Kırat’a yepyeni bir süvari gerek!

DYP ve ANAP birleşme kararlarını açıkladılar. Birçok kişi de “merkez sağda bir toparlanma olduğunu düşünerek” bu birleşmeye seviniyor.

Pişmiş aşa su katmak istemem ama bu birleşmenin “merkez sağda” ciddi bir güç odağı oluşturabilme ihtimalini zayıf görüyorum.

Bir kere şu sorunun yanıtını bulmalıyız: Mehmet Ağar ve Erkan Mumcu, tek başlarına seçmene nasıl bir heyecan veriyordular ki birleşince bu heyecan daha da büyüsün?

İki partinin programı, seçmen için ne ifade ediyordu ki, şimdi ortak bir programla daha fazla seçmeni etkileyebilsinler?

Verilecek yanıtların Ağar’ı da, Mumcu’yu da mutlu etmeyeceğini söyleyebilirim.

“Yüzü Batı’ya dönük kırat”ın barajı geçebilmesi, seçmene yeni ağızlardan yeni şeyler söylemesine bağlı.

Eski ve yıpranmış isimler ve kimseye bir şey anlatmayan bir programla bu iş yürümez.

AKP, büyük sermaye çevrelerince “ekonomide başarılı” bulunuyor ama geleneksel merkez sağ taban açısından hiç de başarılı bir beş yıl geçmedi.

Köylünün, esnafın, kentli orta sınıfın durumundaki kötüleşmeye rağmen, bu kesimlerin geleneksel partisi DYP’nin baraj sınırının altında olduğu, ANAP’ın adının bile geçmediği bir gerçek.

Bu tablo, yeni yüzler ve yeni bir söylem ihtiyacını dayatıyor, ben söylemiş olayım.

Hadi hep beraber Bursa’ya taşınıyoruz!

İSTANBUL Büyükşehir Belediye Başkanı Kadir Topbaş, İstanbul-Bursa feribotunun seferlere başlaması nedeniyle yaptığı konuşmada “İstanbul-Bursa arası 75 dakikaya inecek” müjdesini verdi.

Gazetede bu haberi okurken kendi kendime söylendim: “Yol 75 dakikaya ineceğine göre acaba Bursa’ya mı taşınsam?”

Çünkü geçen gün Yeniköy’den, Nişantaşı’na bu süre içinde gidebildim. Her sabah gazeteye gelişim 1 saatten az sürmüyor, dönüşüm ise en az 1,5-2 saat tutuyor.

Madem süre aynı olacak, o zaman kiraların daha ucuz olduğu Bursa’da yaşamak daha iyi olacak benim için. Her akşam İskender yeme olanağı da cabası.

İstanbul’da son hafta daha da yoğunlaşan trafik sorununun bir nedeni de köprü geçişlerinde üste bozuk para verme zorluğu imiş.

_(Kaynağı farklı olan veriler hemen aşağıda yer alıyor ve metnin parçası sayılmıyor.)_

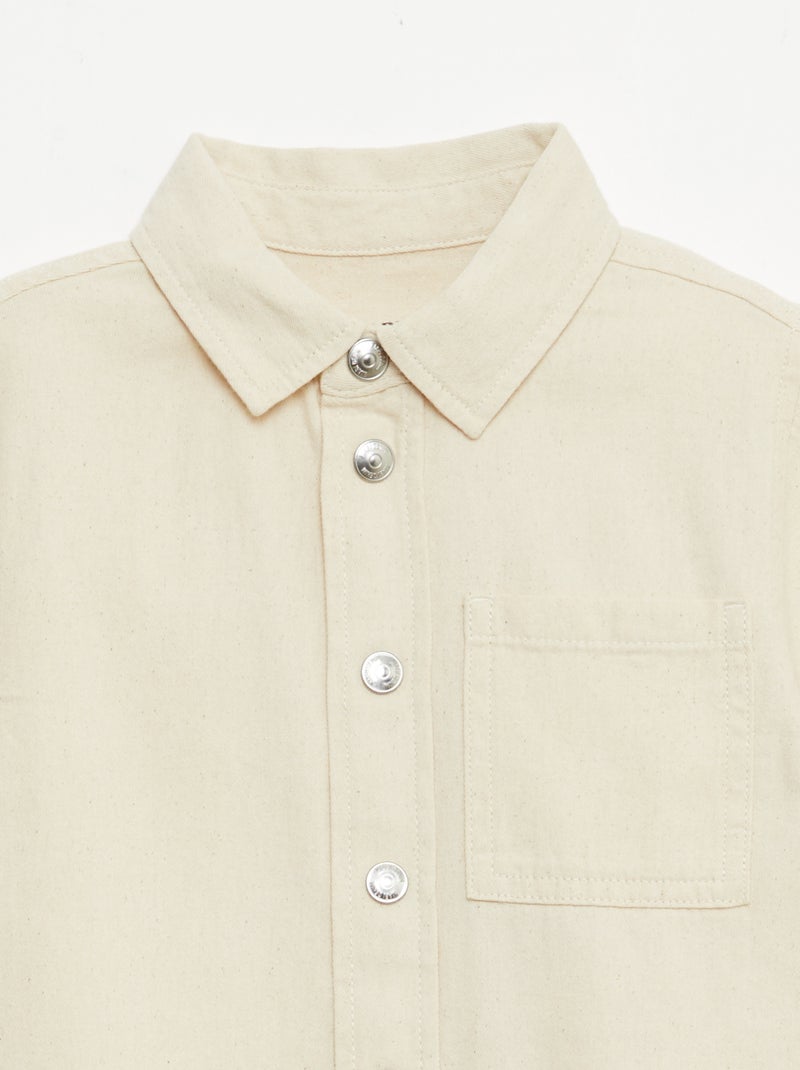 Camisa de ganga Bege - Kiabi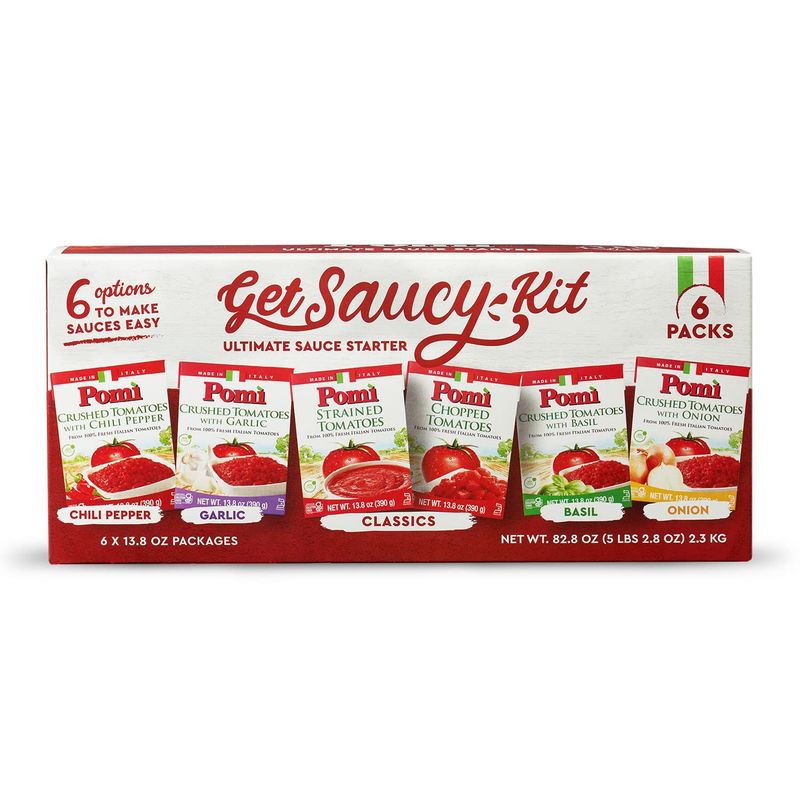 Pom Get Saucy Ultimate Sauce Starter Kit - 6-Pack Tomato Sauce Kit with Strained, Chopped &amp; Crushed Italian Tomatoes - No Salt, No Additives, BPA-Free, with Chili, Garlic, Basil &amp; Onion Flavor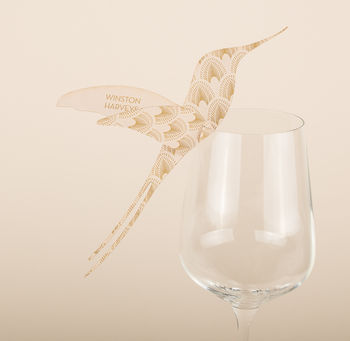 Deco Hummingbird Wine Glass Place Card, 2 of 9
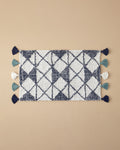 Pyramid Cotton Fringed Bath Mat 50x80 cm Navy Blue - White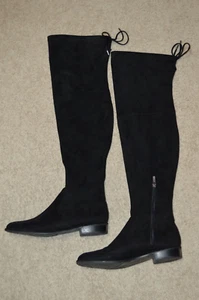 WOMEN'S MARC FISHER BLACK FAUX SUEDE OVER THE KNEE BOOTS Sz- 9 M - EXCELLENT - Picture 1 of 8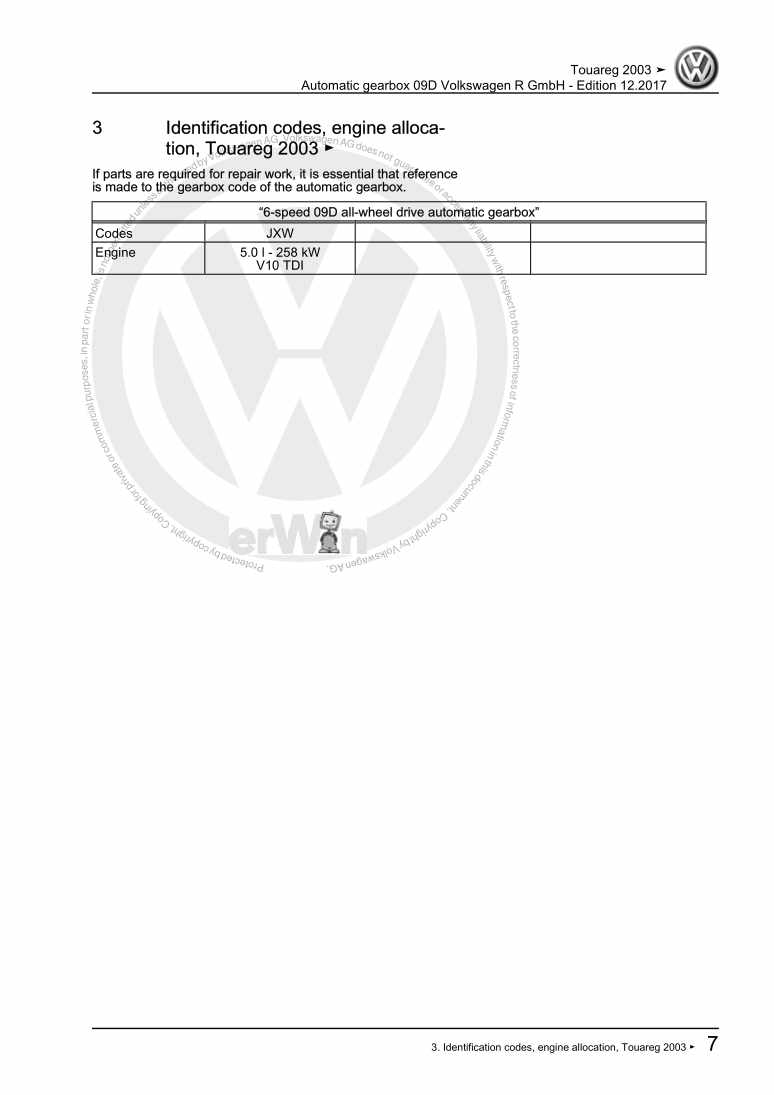 Examplepage for repair manual 3 Automatic gearbox 09D Volkswagen R GmbH
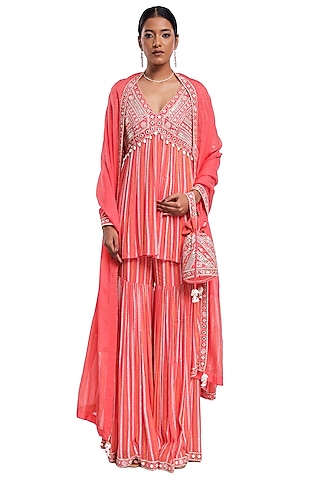 Pink Georgette Hand Block Printed Tiered Sharara Set by Surbhi Gupta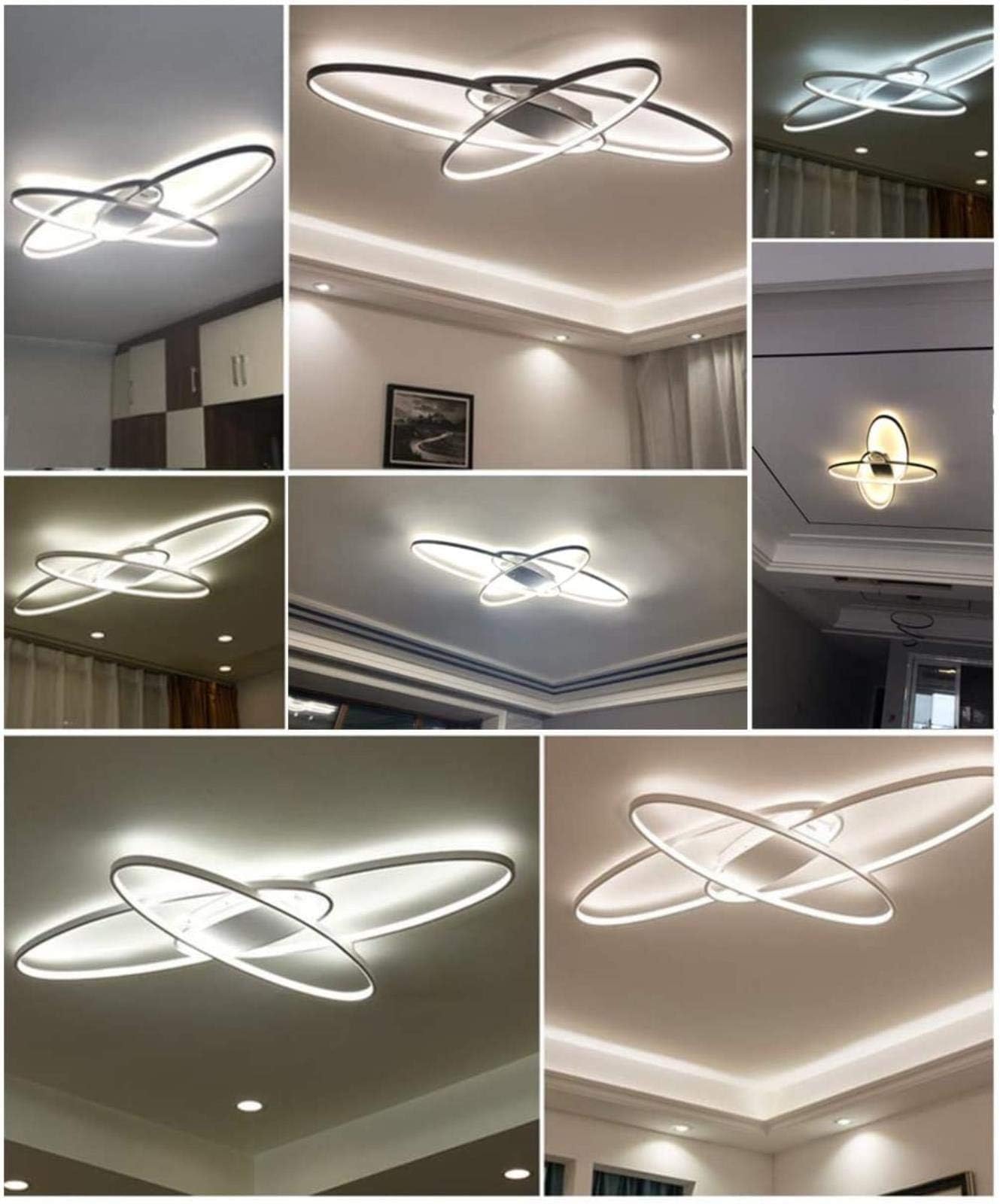 Luces de techo LED para sala de estar modernas, montaje empotrado en el techo regulable con control remoto para dormitorio, comedor, lámpara de cocina, color blanco
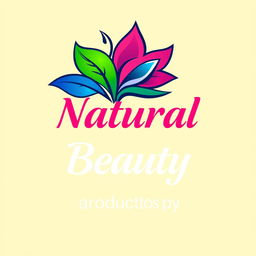 A logo design representing natural beauty, featuring vibrant and eye-catching colors like bright greens, deep blues, and bold pinks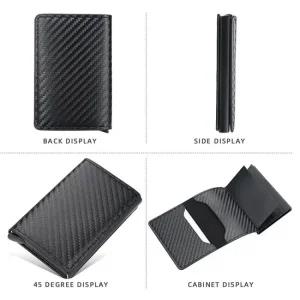 카본 팝업 카드 홀더 탄소섬유 RFID 지갑 머니 클립 팝업 탄소섬유 RFID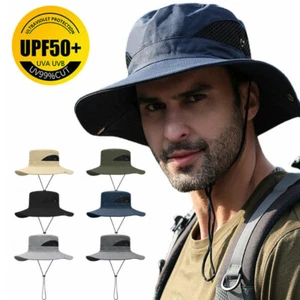 Men Women Bucket Sun Hat Waterproof Foldable Wide Brim Boonie Fishing Hiking Cap - Picture 1 of 55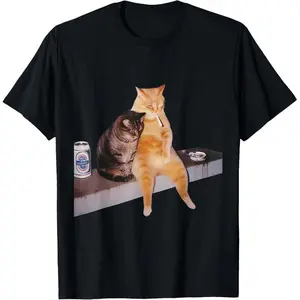 Cat Meme Cat Smoking Cigarette Casual Short Sleeve Cotton T-Shirt ,,,Unisex Crewneck T-shirt for Men And Women,Unisex Crewneck T-shirt for Men And Women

Medeni bir ülkede kolayca çözülebilecek bir problemin bizde kronikleşmesi, kamu yönetimi anlayışının bir gereğidir zaten.

İstanbul’da nüfusun önemli bölümü Anadolu tarafında oturuyor, Avrupa tarafında çalışıyor.

Çünkü iş merkezleri Avrupa’da, ucuz ve kaliteli konut olanakları Anadolu tarafında.

Bu tabloyu değiştirmek için yapılması gereken bir şey de büyük işyerlerini Anadolu tarafına taşınmaya teşvik etmek.

Acaba Büyükşehir Belediyesi, bu konuda “maddi bir teşvik” programı ilan etse bu trafik sorununu çözmek için köprülere, yollara, tünellere harcanacak paradan daha ucuza bir çözüm olmaz mı?

Mahkeme, lokantadan yönetilmiyor

AVUSTRALYALI medya patronu Rupert Murdoch, The Wall Street Journal (WSJ) gazetesinin de içinde olduğu Dow Jones grubunu satın almak için 5 milyar dolar teklif etti.

Bu haberi okuyunca Türkiye ve Dinç Bilgin adına sevindim.

Biliyorsunuz Dinç Bilgin, batık Etibank nedeniyle Türkiye’ye borçlu ve borçlarını ödeyebilmek için Sabah ve atv’nin satışını bekliyor.

Yabancı gazetelerde Murdoch’un girişimi ile ilgili olarak yayımlanan haberler, medya piyasasında küresel rekabetin “Satın almalar yoluyla süreceğini” anlatıyor.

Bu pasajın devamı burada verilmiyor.